Top of The data
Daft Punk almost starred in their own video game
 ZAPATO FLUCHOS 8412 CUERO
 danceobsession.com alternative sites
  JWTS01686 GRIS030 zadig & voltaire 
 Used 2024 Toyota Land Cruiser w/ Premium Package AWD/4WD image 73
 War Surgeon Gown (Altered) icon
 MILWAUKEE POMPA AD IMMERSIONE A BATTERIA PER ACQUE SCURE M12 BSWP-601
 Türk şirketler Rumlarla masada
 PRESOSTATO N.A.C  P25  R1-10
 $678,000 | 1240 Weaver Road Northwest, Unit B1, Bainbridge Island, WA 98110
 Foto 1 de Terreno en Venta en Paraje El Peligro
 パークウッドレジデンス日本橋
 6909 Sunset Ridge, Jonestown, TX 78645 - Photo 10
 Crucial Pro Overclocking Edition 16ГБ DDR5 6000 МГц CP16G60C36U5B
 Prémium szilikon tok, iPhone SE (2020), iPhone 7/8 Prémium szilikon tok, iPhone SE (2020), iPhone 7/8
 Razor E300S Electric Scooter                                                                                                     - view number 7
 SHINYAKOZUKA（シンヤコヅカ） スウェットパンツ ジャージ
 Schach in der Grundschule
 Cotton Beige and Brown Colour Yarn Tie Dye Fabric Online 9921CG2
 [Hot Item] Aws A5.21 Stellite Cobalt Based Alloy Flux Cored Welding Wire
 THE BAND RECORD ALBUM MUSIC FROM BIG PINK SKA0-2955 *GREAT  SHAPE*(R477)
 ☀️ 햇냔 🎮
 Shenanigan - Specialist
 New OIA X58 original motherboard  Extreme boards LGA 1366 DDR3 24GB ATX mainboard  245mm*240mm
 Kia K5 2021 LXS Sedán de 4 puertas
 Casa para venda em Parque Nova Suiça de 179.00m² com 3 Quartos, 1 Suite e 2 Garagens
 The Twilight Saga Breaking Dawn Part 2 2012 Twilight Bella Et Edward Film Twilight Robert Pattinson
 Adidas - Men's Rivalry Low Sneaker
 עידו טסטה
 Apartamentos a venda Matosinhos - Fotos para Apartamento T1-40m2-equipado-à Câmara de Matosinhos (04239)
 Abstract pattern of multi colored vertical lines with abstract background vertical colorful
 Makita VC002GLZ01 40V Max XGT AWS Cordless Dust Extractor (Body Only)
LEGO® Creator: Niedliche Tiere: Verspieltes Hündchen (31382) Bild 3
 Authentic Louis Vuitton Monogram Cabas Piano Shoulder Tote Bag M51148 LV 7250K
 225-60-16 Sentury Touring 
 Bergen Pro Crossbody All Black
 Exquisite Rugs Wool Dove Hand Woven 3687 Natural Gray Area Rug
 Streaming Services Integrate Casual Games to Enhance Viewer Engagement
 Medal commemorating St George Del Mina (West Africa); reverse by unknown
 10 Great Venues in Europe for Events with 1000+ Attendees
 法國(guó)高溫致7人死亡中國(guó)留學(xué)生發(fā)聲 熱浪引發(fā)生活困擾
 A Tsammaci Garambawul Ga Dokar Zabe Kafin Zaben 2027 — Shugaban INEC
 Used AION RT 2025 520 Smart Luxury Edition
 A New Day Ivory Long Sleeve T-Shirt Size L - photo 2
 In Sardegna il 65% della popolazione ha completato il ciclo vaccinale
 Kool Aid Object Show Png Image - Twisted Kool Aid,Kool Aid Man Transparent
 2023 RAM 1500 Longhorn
Bottom of The data
# Problem to work on
Lines holding the string "Edition" must be copied out of the entries above.

# Exercise response
 Crucial Pro Overclocking Edition 16ГБ DDR5 6000 МГц CP16G60C36U5B
 Used AION RT 2025 520 Smart Luxury Edition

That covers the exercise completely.